The collection started in May 2023.
New Kokeshi are published regularly.
The visuals are individually drawn.
The translation and explanation stem from research conducted to create the illustrations.
Literal: A walking stick before stumbling.
Meaning: Take proactive measures to prevent problems.
The image is simple, almost modest: a walking stick, held in hand before the first stumble. Not after. Before. That single detail is everything.
Western ideas of precaution tend to be reactive. “ An ounce of prevention is worth a pound of cure ” implies a risk already spotted. “ Forewarned is forearmed ” assumes a warning has come in. This proverb asks something quieter: carry the stick before you have any reason to. The threat is hypothetical. The stick is real.
That posture runs deep in Japanese thinking. Historians generally place this kotowaza within the practical wisdom that flourished during the Edo period (1603-1868), when urban merchant culture developed what might be called a philosophy of anticipation. Not samurai stoicism, not Zen detachment, but the grounded intelligence of people who understood that the world rarely announces its difficulties in advance. Success in trade meant reading conditions before they shifted. The walking stick belongs to that tradition.
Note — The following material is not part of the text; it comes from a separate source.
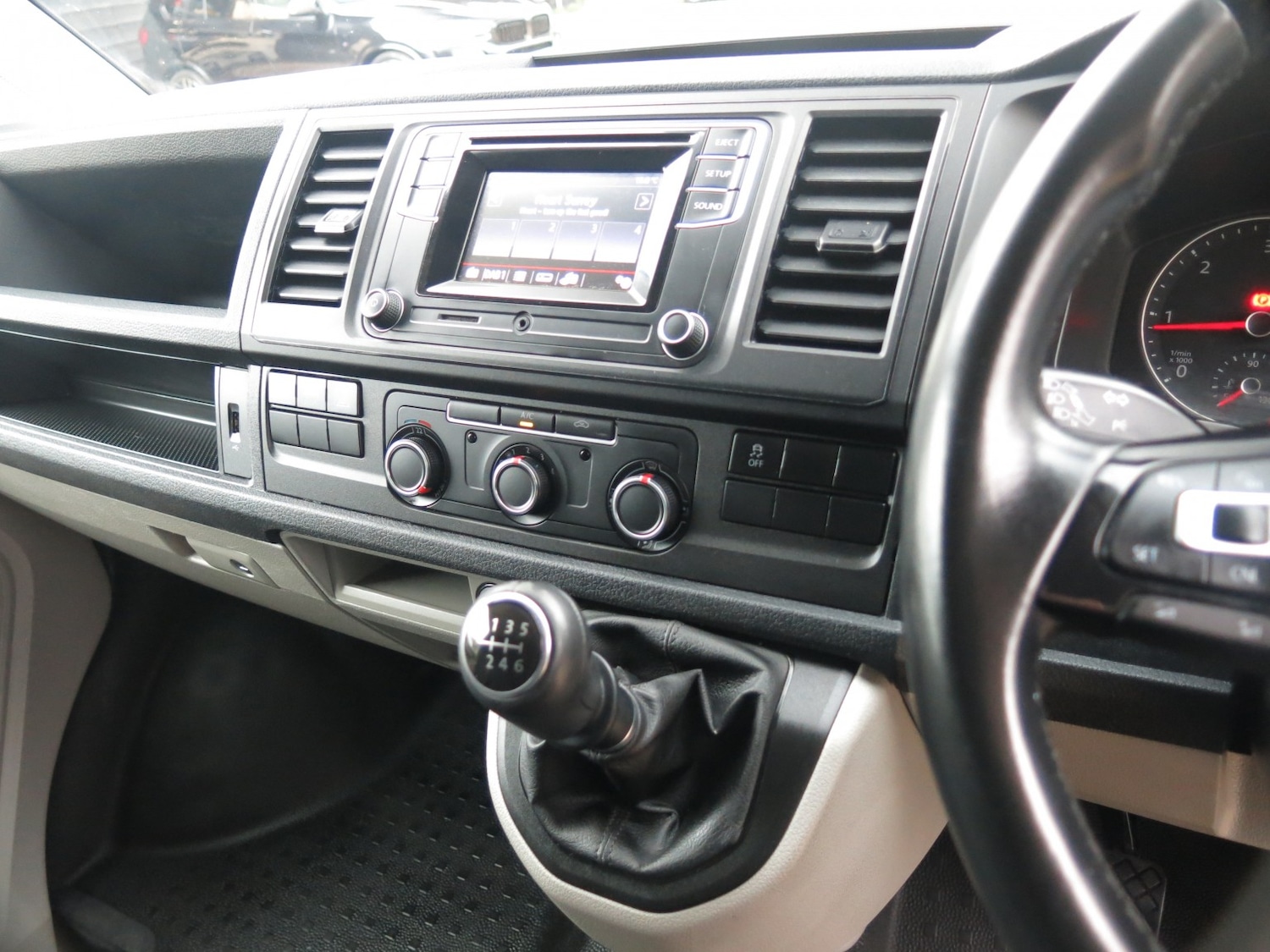 Used Volkswagen Transporter 2020 for sale - 77140603: Photo 10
In contemporary Japan, the phrase is everywhere. Disaster preparedness campaigns reach for it regularly, seismic risk is not abstract here, and the 「 bōsai 」 (防災 disaster prevention) culture that deepened after the 1995 Kobe earthquake has given the proverb a renewed, almost literal weight. Local governments use it in public communications. It shows up in financial planning, parenting guides, and fall-prevention programs for an aging population, contexts where the walking stick has perhaps never felt more concrete.
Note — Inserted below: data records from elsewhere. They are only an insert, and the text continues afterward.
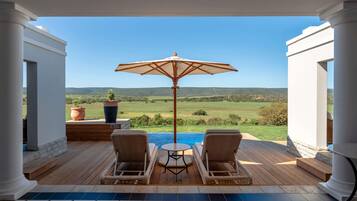 Outdoor pool, pool umbrellas, sun loungers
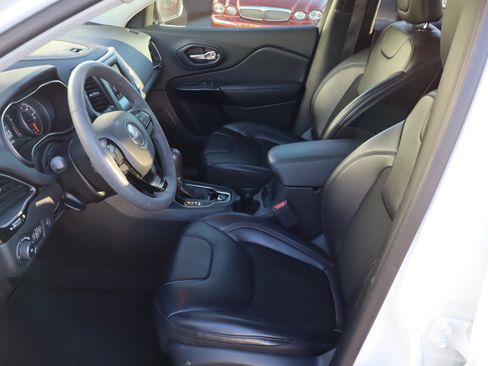 Used 2020 Jeep Cherokee Latitude Plus image 16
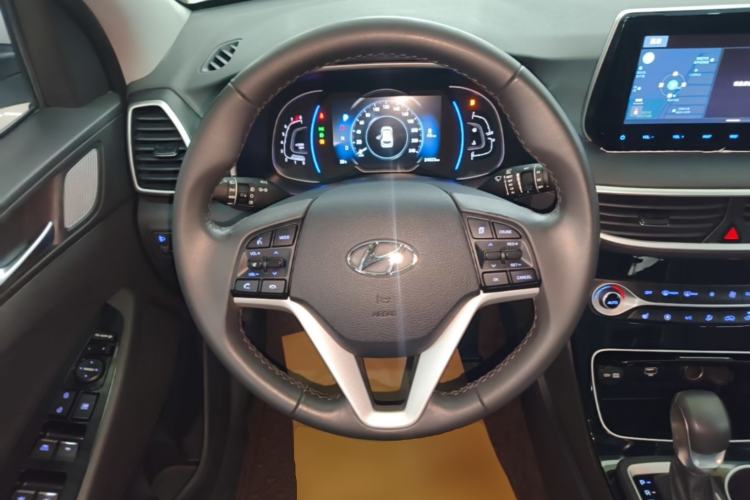 Used Hyundai Tucson 2020 280TGDi Two-Wheel-Drive GLS Smart Connectivity Version China VI Standard Steering Wheel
What it carries that Western equivalents don’t is a certain calm. The stick isn’t held in fear. It’s carried as a matter of course, the way you dress for rain without particularly dreading it. That quiet, habitual readiness is as much a cultural disposition as a piece of advice.
Note: Kōjitsunagi pattern. Repetitive use of the kō character. The characters interlock in a way that appears to stretch to infinity. It brings good fortune.
Speaking Kokeshi started in May 2023 from a simple observation: Japan has one of the richest traditions of proverbial expression in the world, and most of it is either unknown outside the country or reduced to a handful of pop concepts stripped of their context.
The original idea was to adapt the tradition of 19th-century European talking plates to modern times — objects that carried a phrase, a face, a moral. The kokeshi doll was the right vehicle. Spare, distinctive, rooted in Japanese craft, it allows the illustration to carry meaning without excess.
Forty proverbs. Forty characters. Each drawn individually, each the result of research into the cultural and historical origins of the expression. Not a catalog. A book with a point of view.